This is not the Snickers people's first brush with playful vocabulary; back in 2006, I reported here on an earlier advertising campaign using playful morphology, in particular:

hungerectomy
peanutopolis
nougatocity
substantialiscious
satisfectellent

On to the current campaign. According to the NYT:

The Snickers campaign, by the New York office of TBWA/Chiat/Day, is being rolled out in stages. The initial phase, which gets under way this week, includes outdoor ads and content on the Snickers Web site (snickers.com) as well as Facebook.

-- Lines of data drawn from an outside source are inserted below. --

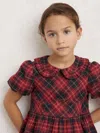 Reiss Red Cotton Peter-pan Collar Tartan Dress In Red
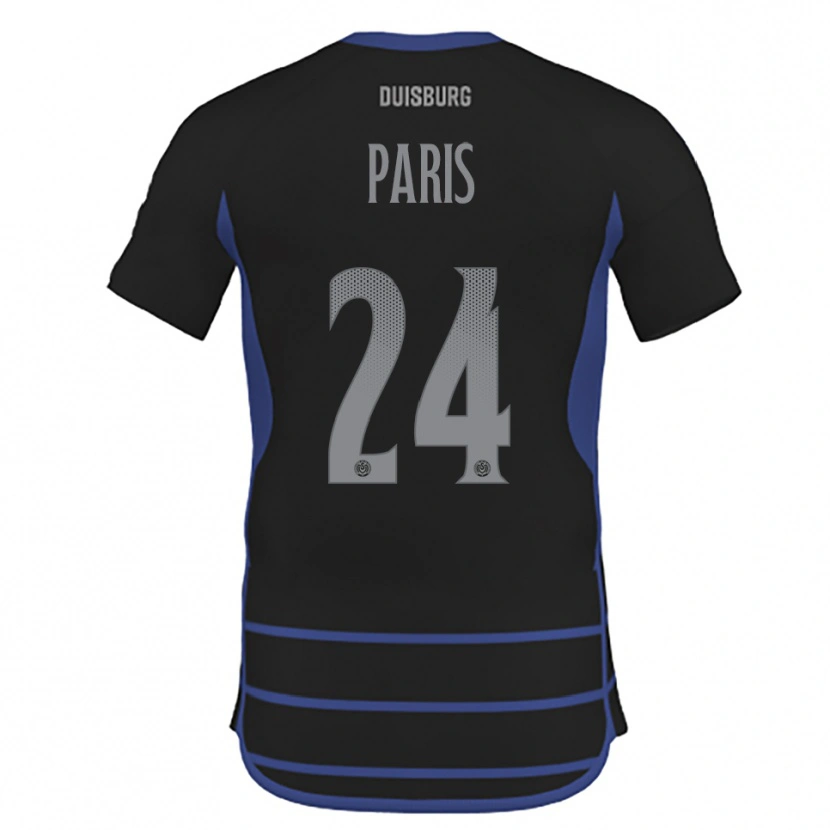 Danxen Kinder Julius Paris #24 Schwarz Blau Auswärtstrikot Trikot 2025/26 T-Shirt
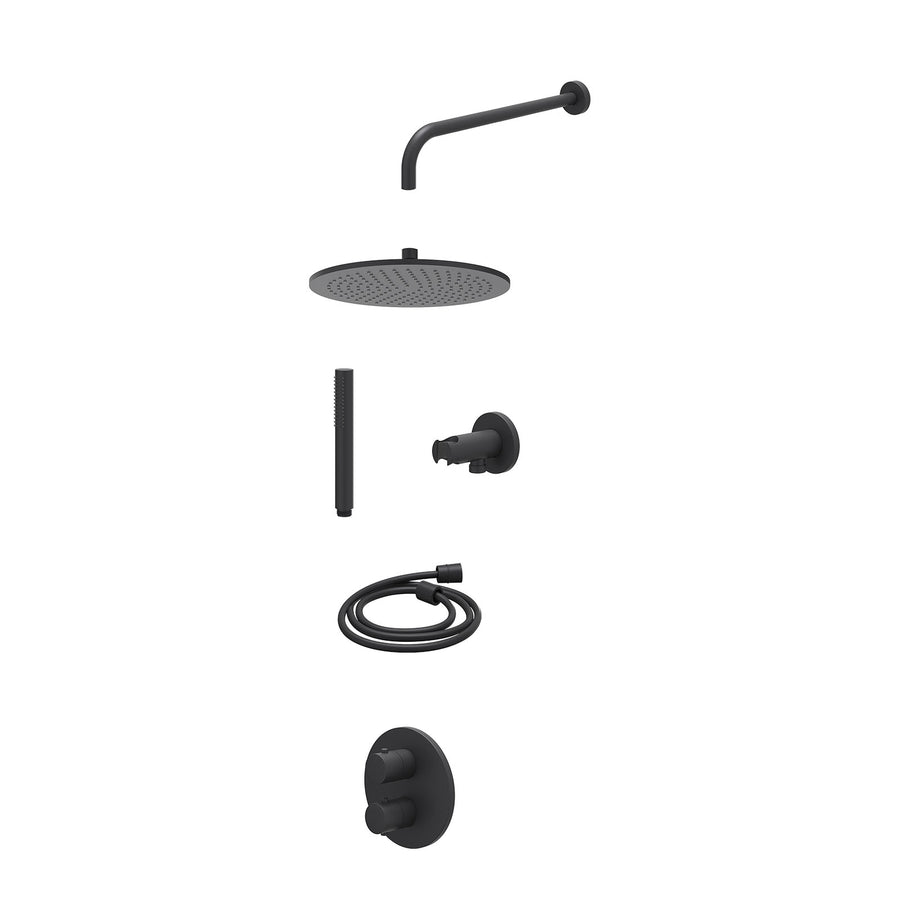 IVY Excl. inbouwbox regendoucheset inbouwthermostaatkraan met 2-weg stop-omstel, wandarm, R30cmME, houder met uitlaat, doucheslang 150cm en staafmodel – Mat zwart PED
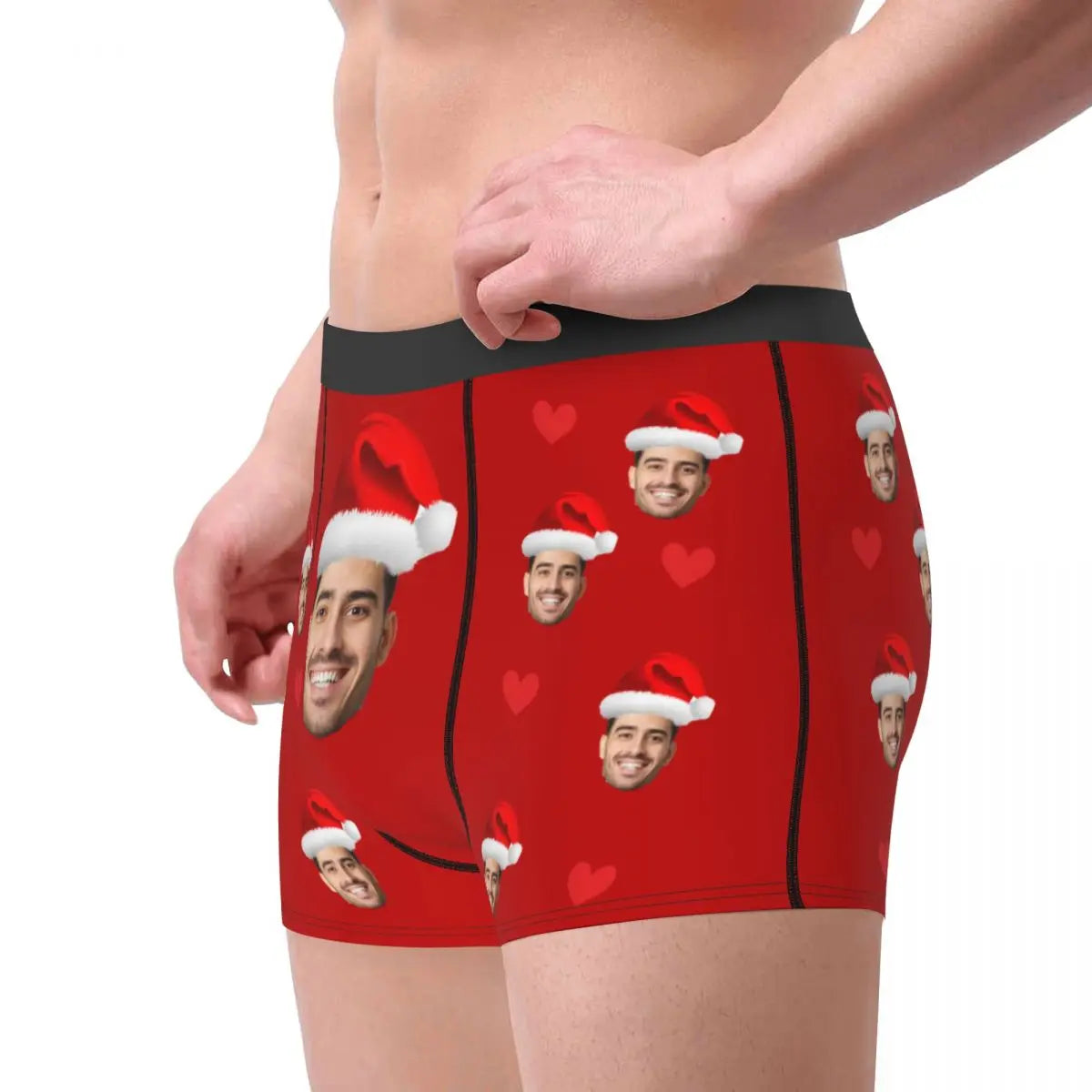 Boxer Christmas Gift Custom Face Personalized Photo Shorts Panties Briefs Men Long Underwear Polyester Underpants for Male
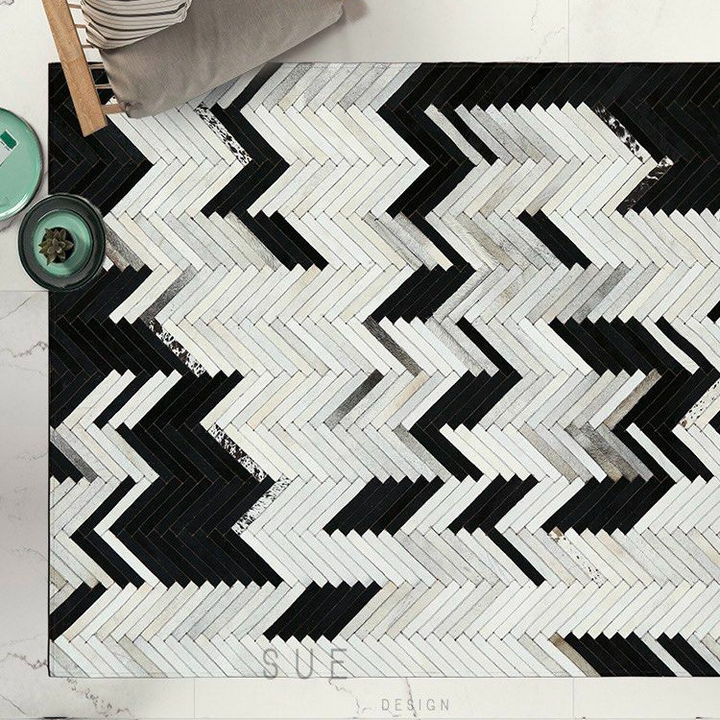 GREGORY Modern Cowhide Leather Rug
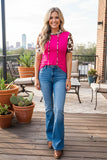 Western cowv hoodie & pink women's boutique top w/short sleeve GJQ10437 ES12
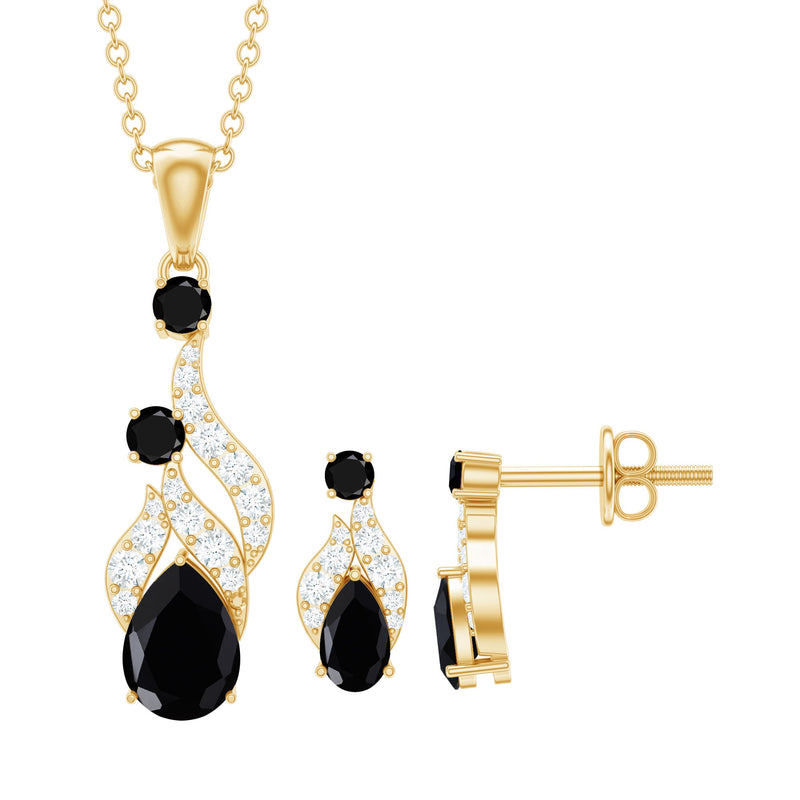 Natural Black Onyx Drop Pendant and Earrings Set with Diamond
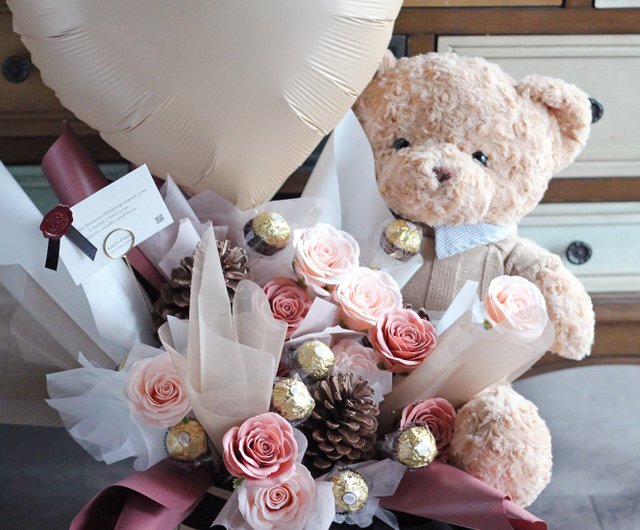 Teddy bear chocolate bouquet online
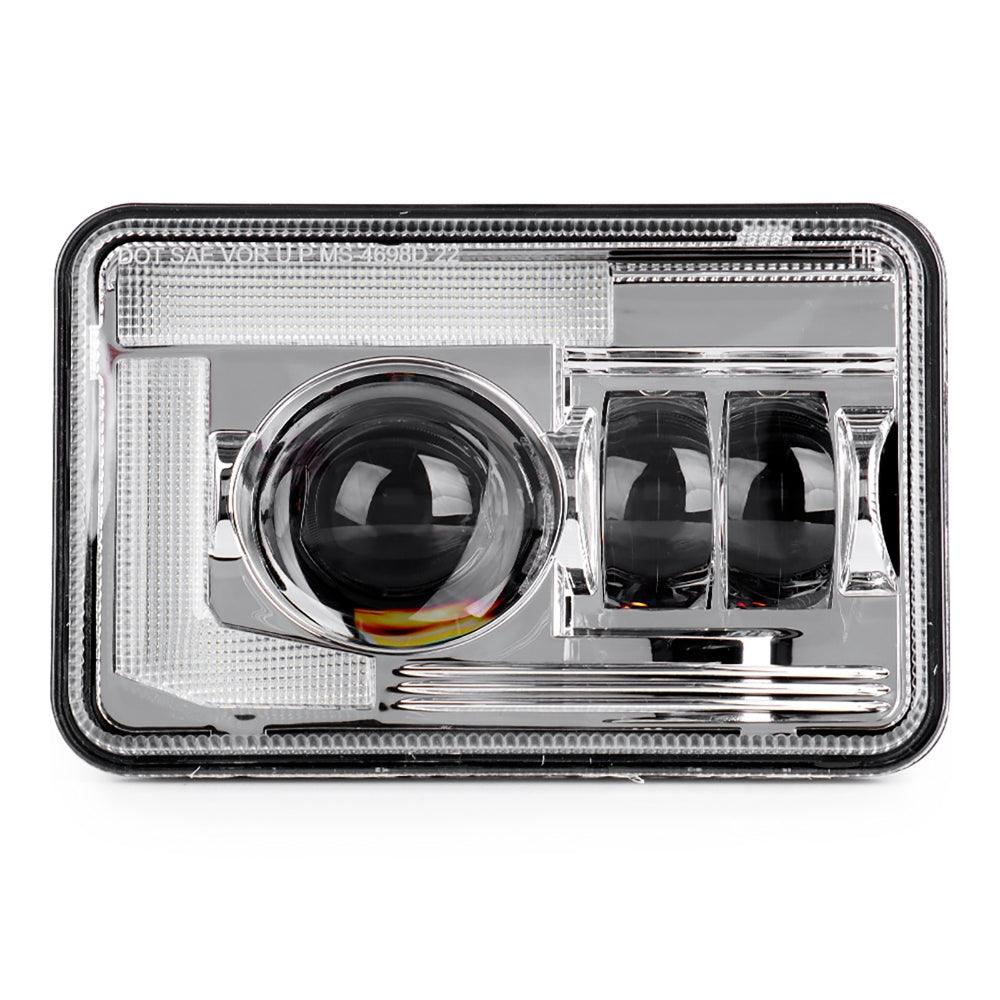4x6 Inch DOT Sealed Beam LED Headlights with DRL for Peterbilt, Kenworth, Freightliner, Ford & Chevrolet Trucks - High Visibility Replacement Lights for Night Driving & Foggy Conditions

Television commercials are scheduled to begin appearing next week. And there will be more content on snickers.com in the spring, including a way to translate regular language into the Snickers lingo.

Snacklish is a humorous way of speaking that revises everyday words and phrases for a Snickers-centric world. To underscore their origin, they are printed in the typeface and colors of the Snickers brand logo.

For instance, the basketball great Patrick Ewing becomes Patrick Chewing. Combine the rapper Master P with the peanut, a main ingredient of Snickers, and he turns into Master P-nut — perhaps a hip-hop relation of the Planters brand mascot, Mr. Peanut.

Other examples include a Snickers taxi, or snaxi; peanutarium, for planetarium; and chompensation, for compensation. And the Sigma Nu fraternity is transformed into Sigma Nougat, after another Snickers ingredient.

(The article has a photo of a Snaxi.)

On the Snickers site: chewconomy, chompetition, MVP-nut, nougativity, nougetaboutit, nutopia, nutlegience [as in "pledge nutlegience"], nutvana, satisfocalypse [as in "the Four Horsemen of the Satisfocalypse"], snaxophone. Plus a link to the Snickers Facebook site.

Snacklish plays on ordinary vocabulary by introducing parts (or all) of Snickers-related words into it: chew, chomp, nougat, nut, peanut, satisfy/satisfaction/satisfactory, snack. Not a hard game to play, but some of the combinations are stretches, and need some context to be interpretable.